In a resolution that is being prepared for presentation to AT&T, the shareholders are asking for a public report and board review “on the consistency between AT&T’s policies on privacy and civil rights and the company’s actions with respect to U.S. law enforcement investigations.”

“This proposal addresses programs in use domestically like ‘Hemisphere,’” said the resolution. “A group of investors in AT&T have had it with the phone company’s collaboration with law enforcement through the Hemisphere program, in which the company facilitates police access to trillions of phone records,” said the Electronic Frontier Foundation.

EFF explained: “Police refer to Hemisphere as a ‘Super Search Engine’ and ‘Google on steroids’ because it provides access to trillions of domestic and international phone call records dating back 30 years. Each day, approximately four billion phone records are added to the system, including calls from non-AT&T customers that pass through the company’s switches and even when a customer changes phone numbers.”

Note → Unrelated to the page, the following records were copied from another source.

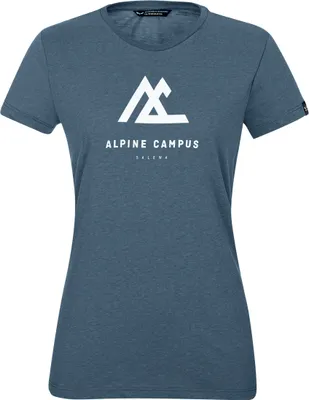 Image de T-shirt Frames Dry pour femmes - Salewa, Couleur:3986 premium navy melange, Taille:IT 40 / DE 34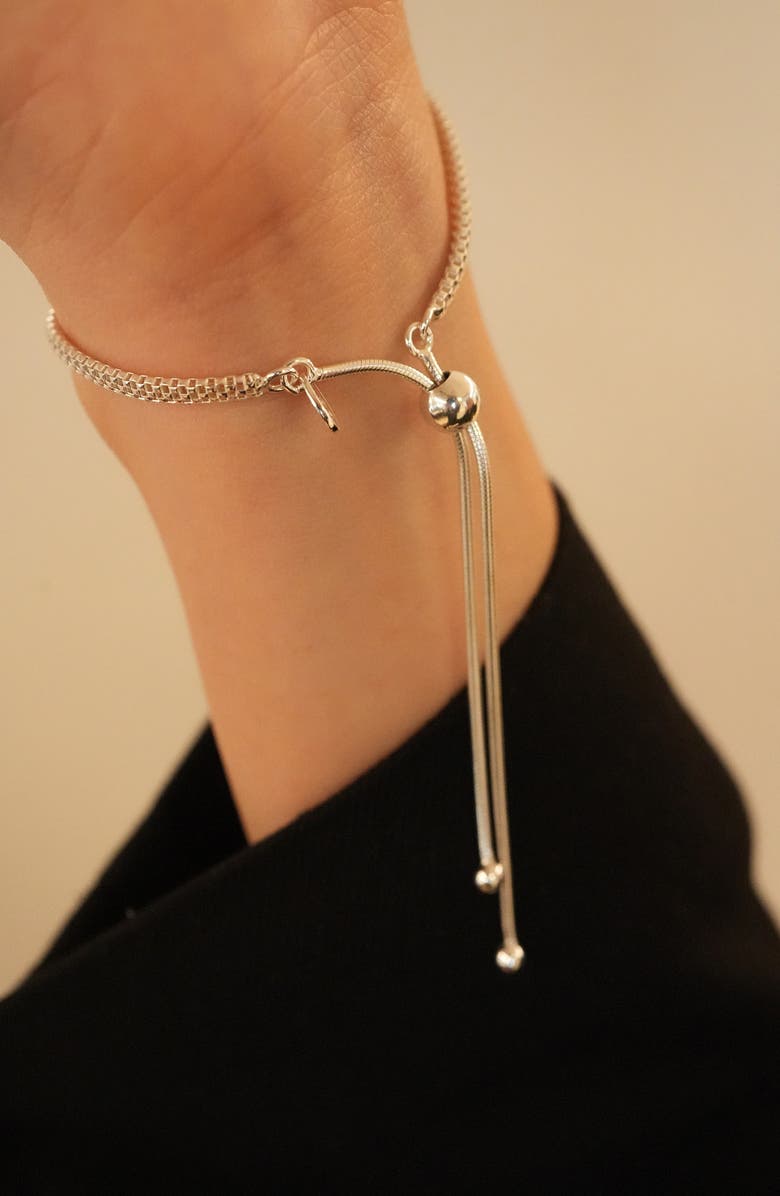 Argento Vivo Sterling Silver Argento Vivo Mesh Slider Bracelet, Alternate, color, Silver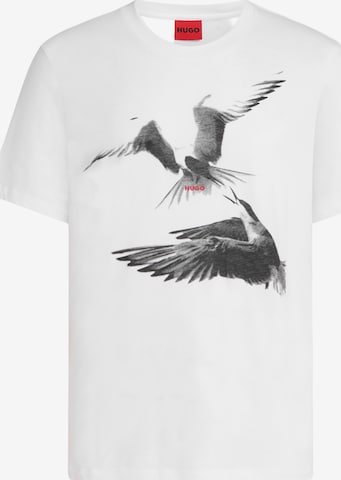 T-Shirt 'Dirunn' HUGO en blanc : devant
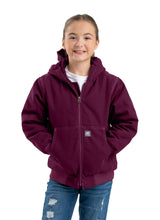 Berne Youth Highland Softstone Duck Hooded Jacket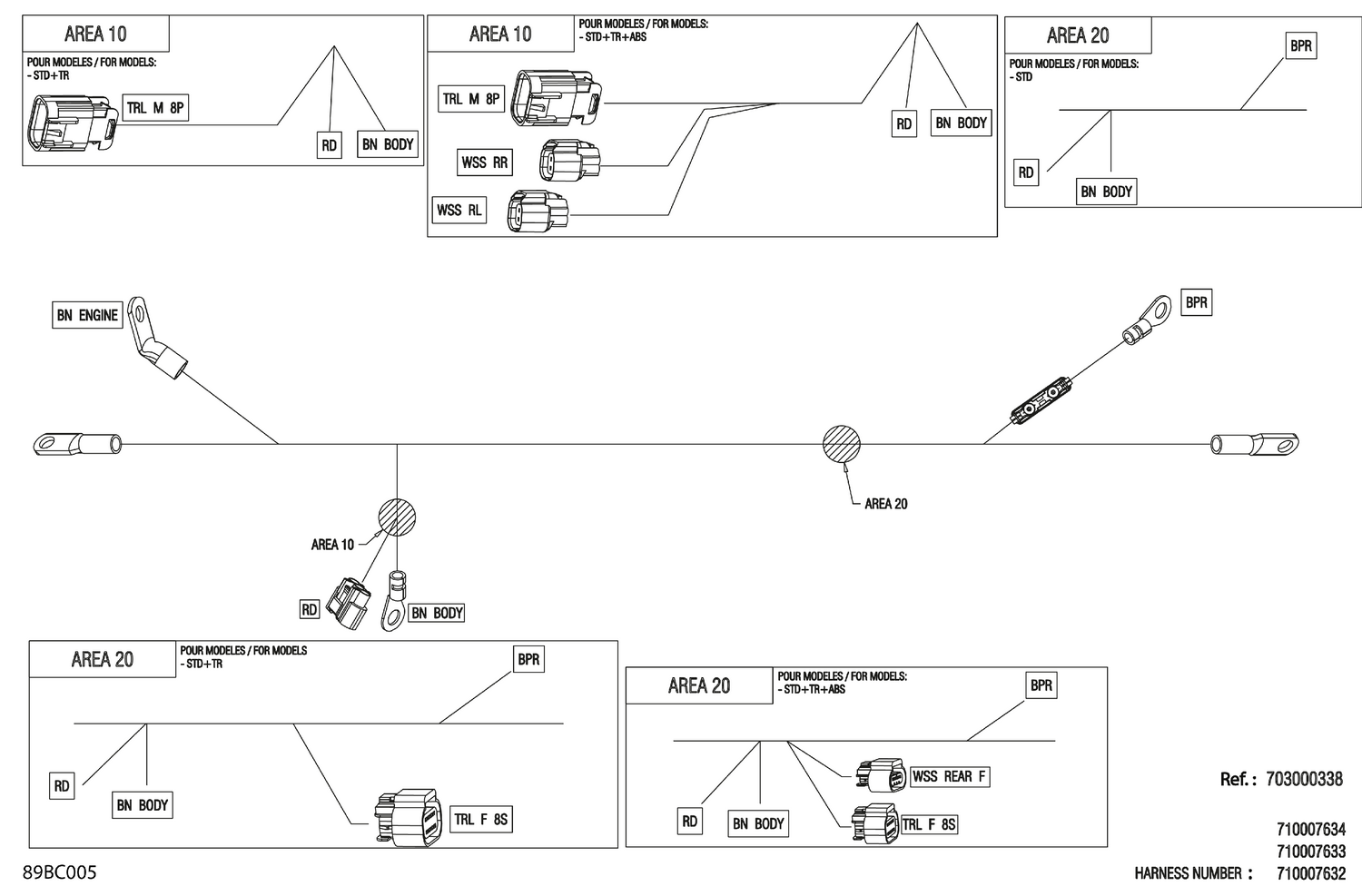 08- Electric - Voltage Regulator Wiring Harness - 710007634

“Hemisphere can also map social relationships and pinpoint locations of callers,” EFF added. The Foundation also said that with the cooperation of AT&T, it actually sells access to the telephone data. This means that the law enforcement officials are able to have access to the details of a phone call without the need to go through a judge. AT&T imposes strict regulations to keep this program secret.

Pat Miguel Tomaino, who is the associate director for socially responsible investing at Zevin Asset management said, “We are shining a light on AT&T’s Hemisphere program, a giant database of customer calls which AT&T runs as a lucrative business line, charging law enforcement agencies upwards of $1 million for bespoke searches and analytics.”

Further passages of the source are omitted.